* GIVEN DATA *
+++
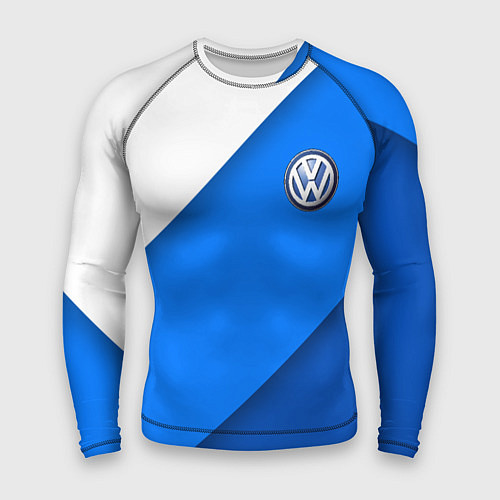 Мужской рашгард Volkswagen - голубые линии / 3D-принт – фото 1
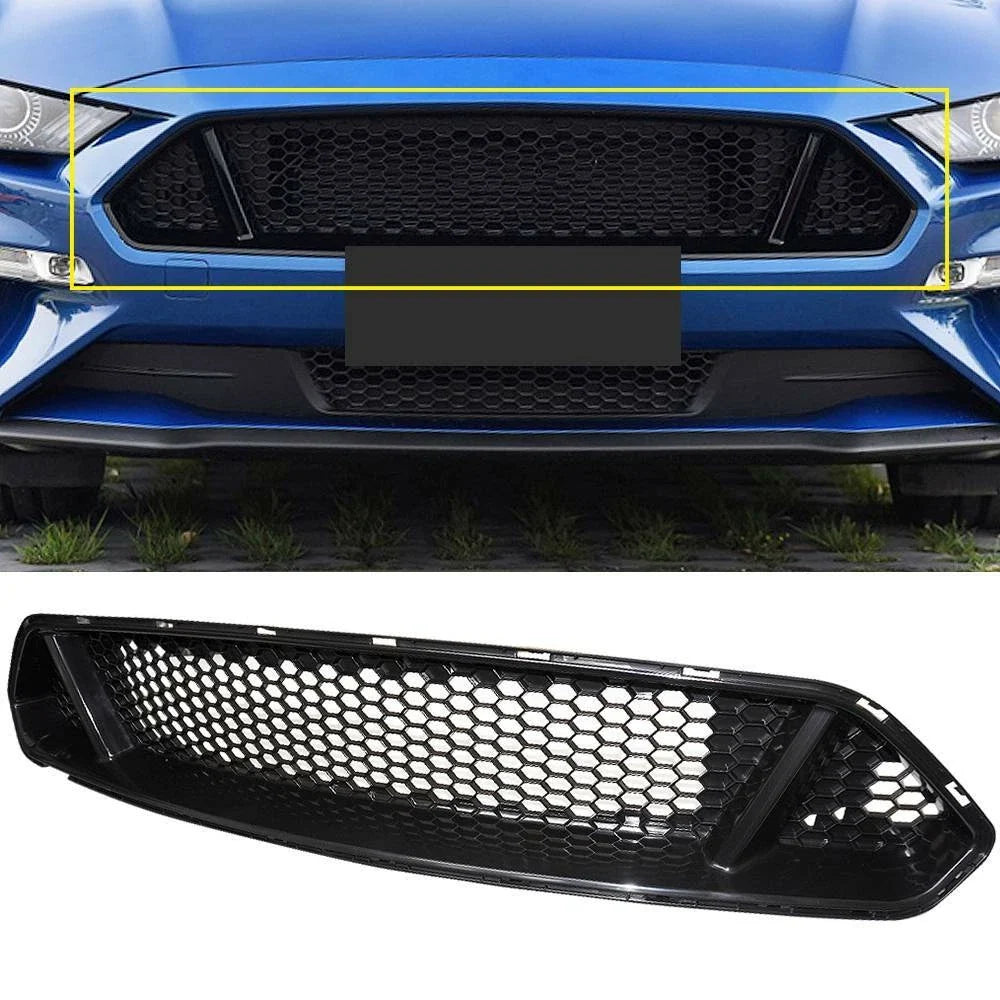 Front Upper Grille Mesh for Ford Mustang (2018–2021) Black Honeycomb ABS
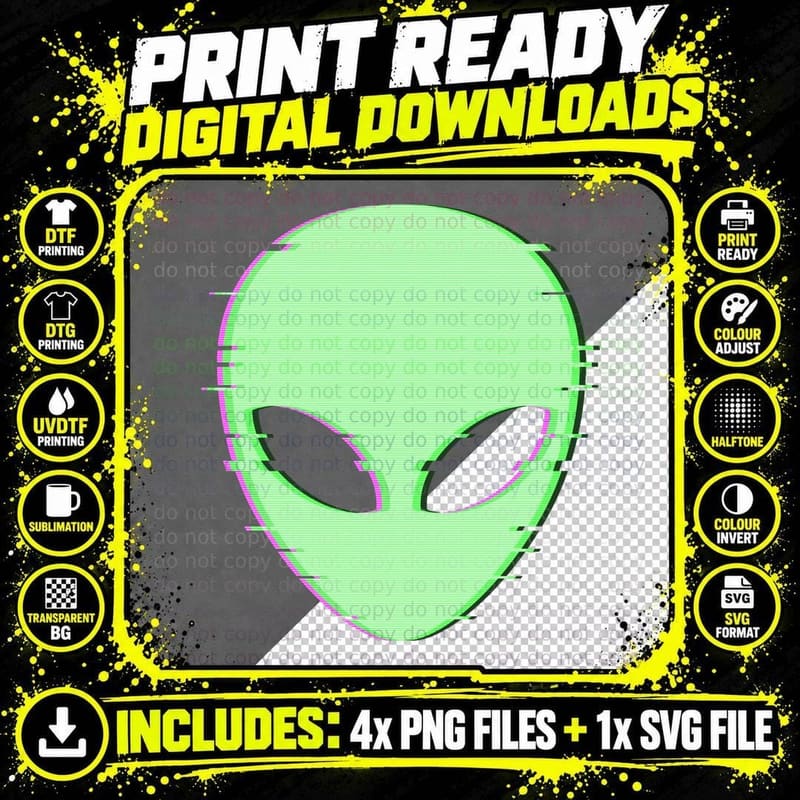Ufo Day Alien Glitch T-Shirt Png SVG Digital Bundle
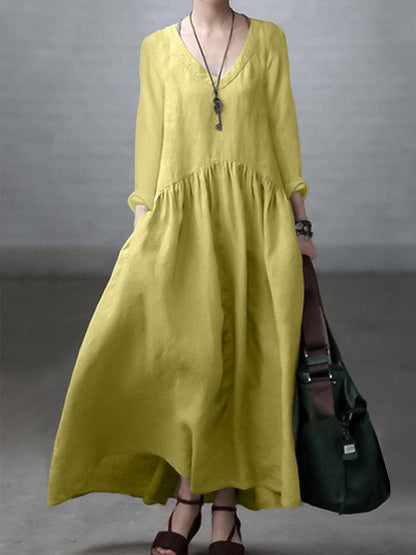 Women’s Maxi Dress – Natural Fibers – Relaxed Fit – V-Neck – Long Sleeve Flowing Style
+++
* ABOUT THIS TASK *
Could you output the listing word for word, omitting every picture?

* TASK OUTPUT *
 Мужской рашгард Volkswagen - голубые линии / 3D-принт – фото 1
 Front Upper Grille Mesh for Ford Mustang (2018–2021) Black Honeycomb ABS
Ufo Day Alien Glitch T-Shirt Png SVG Digital Bundle
 Women’s Maxi Dress – Natural Fibers – Relaxed Fit – V-Neck – Long Sleeve Flowing Style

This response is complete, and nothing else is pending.